Note to all the girls: we have cars, we're hanging out in neighboring towns this summer (also my mom approved of the roadtrip but we'll have to figure out hotels since we're not 18)

Note to Kelly: I kind of like that kid I was supposed to like but it can't work and I've already discussed it with you, no point in putting it here.

In my writing forum there is a section called "unsent letters". I don't think i believe in unsent letters. I'm too chicken (afraid to be imposing?) to send some of them though. That's how we end up with this sort of thing.

A marching band is playing in the distance. Why?

I've almost filled the journal, Amanda would be proud. I wish I could find more people who thought like Amanda and Jack Kerouac (though he thinks a bit too much like Rory, but only a bit) and I wish all those people were male and attractive and madly in love with me. Wishful thinking. I'm so tired of being s urrounded by stupid people, though. I miss my camp, wh ere so many of them were the right kind of people. I'm going to counselor there, when I"m older and need summer money.

I figured it out, I need a certain breed of stoner. The half hippie/beatnik, half intellectual breed. Preferably with a small fro or short dreds. I'm propping my sanity up against the belief that good art schools are full of those. They don't actually have to smoke (hell, I don't), its the state of mind that's important.

(finnegan begin again)

New notebook, new pen...no use copying the rambling about them since it's pointless and you can't see the pen. Pen was dying, pens are a microcosm, we're all dying, using up our ink til we're useless and empty and thrown away.

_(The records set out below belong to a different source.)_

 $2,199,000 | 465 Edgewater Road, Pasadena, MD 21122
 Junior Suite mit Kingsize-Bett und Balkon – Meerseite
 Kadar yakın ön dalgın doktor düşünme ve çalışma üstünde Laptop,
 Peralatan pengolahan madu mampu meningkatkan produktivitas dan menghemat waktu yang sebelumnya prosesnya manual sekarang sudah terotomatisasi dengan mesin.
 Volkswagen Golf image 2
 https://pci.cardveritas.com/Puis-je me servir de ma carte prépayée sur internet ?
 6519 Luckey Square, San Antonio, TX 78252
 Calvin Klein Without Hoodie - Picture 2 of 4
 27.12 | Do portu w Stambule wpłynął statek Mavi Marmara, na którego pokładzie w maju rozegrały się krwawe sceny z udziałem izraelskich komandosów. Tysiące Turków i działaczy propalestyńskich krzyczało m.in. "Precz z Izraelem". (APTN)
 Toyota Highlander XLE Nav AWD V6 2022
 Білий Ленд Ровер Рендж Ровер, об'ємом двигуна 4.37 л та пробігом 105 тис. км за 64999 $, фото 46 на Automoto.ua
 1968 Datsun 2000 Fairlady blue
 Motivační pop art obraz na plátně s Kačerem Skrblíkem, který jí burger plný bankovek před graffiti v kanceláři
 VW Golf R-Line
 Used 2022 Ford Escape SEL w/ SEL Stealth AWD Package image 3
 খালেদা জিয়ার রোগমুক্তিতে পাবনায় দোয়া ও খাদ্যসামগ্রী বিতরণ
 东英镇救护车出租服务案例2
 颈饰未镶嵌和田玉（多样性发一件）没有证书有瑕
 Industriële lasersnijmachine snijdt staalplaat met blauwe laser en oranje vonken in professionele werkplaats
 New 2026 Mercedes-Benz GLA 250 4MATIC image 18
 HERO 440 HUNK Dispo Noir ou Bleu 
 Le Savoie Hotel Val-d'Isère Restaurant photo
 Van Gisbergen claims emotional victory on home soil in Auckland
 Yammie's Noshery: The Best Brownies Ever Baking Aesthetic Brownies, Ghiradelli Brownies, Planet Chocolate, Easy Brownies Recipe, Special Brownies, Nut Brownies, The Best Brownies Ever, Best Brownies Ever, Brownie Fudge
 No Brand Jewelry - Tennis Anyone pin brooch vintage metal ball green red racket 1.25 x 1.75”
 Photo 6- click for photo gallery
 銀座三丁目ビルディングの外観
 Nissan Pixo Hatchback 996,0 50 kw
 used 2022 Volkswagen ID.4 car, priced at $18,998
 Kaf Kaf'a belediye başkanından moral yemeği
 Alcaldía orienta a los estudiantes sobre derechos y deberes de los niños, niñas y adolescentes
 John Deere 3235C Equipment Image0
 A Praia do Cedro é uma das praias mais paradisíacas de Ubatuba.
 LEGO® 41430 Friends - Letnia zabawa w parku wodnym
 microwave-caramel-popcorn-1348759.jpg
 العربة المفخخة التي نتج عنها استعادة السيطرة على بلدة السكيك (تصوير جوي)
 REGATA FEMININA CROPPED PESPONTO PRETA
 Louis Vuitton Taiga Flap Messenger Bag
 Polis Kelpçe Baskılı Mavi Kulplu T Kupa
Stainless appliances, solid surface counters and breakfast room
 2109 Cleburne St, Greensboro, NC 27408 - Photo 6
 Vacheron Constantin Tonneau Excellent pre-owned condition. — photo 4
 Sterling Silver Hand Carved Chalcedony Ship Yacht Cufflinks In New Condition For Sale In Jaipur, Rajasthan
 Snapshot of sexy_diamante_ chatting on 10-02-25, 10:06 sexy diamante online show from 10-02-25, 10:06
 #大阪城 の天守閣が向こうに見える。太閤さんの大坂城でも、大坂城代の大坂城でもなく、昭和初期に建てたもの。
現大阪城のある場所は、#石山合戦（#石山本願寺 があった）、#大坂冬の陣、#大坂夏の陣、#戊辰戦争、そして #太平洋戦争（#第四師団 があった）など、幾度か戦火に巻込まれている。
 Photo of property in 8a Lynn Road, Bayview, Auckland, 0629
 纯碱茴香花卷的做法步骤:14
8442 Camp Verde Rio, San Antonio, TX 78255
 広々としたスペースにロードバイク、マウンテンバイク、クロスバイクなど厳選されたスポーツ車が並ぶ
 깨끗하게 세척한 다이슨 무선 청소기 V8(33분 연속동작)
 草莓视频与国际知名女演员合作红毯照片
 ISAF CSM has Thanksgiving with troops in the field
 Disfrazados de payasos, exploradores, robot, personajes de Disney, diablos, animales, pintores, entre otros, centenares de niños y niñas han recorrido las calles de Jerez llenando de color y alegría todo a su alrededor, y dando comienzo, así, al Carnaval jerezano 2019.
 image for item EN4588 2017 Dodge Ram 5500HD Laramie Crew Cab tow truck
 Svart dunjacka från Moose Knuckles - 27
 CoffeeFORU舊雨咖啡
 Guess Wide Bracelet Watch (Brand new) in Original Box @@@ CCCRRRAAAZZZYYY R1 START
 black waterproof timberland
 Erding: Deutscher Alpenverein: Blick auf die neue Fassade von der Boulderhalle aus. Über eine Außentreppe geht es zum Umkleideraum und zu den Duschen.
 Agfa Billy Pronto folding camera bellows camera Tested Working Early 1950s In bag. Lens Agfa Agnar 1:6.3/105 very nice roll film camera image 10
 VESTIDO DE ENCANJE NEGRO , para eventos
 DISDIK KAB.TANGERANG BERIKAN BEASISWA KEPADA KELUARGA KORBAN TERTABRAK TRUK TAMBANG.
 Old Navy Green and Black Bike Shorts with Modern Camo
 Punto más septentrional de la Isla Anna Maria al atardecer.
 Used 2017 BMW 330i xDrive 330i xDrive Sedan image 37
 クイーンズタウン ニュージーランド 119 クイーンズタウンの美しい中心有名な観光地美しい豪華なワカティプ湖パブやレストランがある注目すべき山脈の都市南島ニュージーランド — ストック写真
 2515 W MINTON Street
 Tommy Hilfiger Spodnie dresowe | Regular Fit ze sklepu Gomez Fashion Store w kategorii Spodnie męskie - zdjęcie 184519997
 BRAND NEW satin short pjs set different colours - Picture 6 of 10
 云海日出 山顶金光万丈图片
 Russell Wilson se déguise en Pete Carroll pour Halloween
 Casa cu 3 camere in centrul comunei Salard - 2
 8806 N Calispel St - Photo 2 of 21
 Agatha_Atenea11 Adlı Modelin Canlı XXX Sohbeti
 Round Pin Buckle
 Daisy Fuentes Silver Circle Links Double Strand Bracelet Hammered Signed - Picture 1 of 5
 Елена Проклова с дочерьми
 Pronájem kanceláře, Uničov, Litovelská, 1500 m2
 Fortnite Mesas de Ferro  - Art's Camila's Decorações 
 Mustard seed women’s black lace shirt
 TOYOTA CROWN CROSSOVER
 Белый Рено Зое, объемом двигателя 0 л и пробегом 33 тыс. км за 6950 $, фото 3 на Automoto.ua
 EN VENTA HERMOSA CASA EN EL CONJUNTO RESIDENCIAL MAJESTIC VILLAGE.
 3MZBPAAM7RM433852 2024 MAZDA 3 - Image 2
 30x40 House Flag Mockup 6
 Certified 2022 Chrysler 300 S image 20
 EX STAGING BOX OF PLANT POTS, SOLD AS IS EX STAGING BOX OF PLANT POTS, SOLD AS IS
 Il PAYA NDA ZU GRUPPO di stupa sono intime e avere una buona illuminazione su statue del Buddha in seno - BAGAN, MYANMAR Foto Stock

Drawing of a willow tree, flowers, a weird line that kinda looks like a tulip, and a bridge with four people on it.

Weeping willows are so sad, I wonder why. All the intellectualism and control we think we have can never outdo or erase the effects of evolution. I tried to explain it to Rory once. "Evolve" he said.
"Grow up" says I, "Have some compassion- think for once with your intuition- don't be so cold- you'll see, if she's actually like you, you'll see what you do- maybe you'll understand- but I don't believe that she's like you. The fact that she agrees makes her agreeable, not the same, and you are not agreeable." I wish I could know what it's like to be with her, for you. It's a scary thought, that people exist when you're not around. Even scarier when you know they're not thinking of you, and you're thinking of them. Not necessarily in a romantic way- I think about a lot of people. I wonder who thinks of me. Who thinks of you? That's scary. I feel so sullen but I know that Monday I'll have to put on a show again. All I want is to be sullen and have someone care that I"m that way. Give people credit, those "cries for help" must be a lot of work when all you want to do is slip away. All I want is someone who tries to make me happy, wants me to be happy. Then I would be. I'm trying to want it for myself but it doesn't work that way. The way I see it, happiness is a two person job. Each is happy to make the other happy, because each desperately wants each other to be happy, and besides, if someone desperately wants you to be happy, that makes you happier. I'll continue to try and drag myself out of this stupor long enough to make people happy when I think they deserve it, if I can find a way. I may need some money.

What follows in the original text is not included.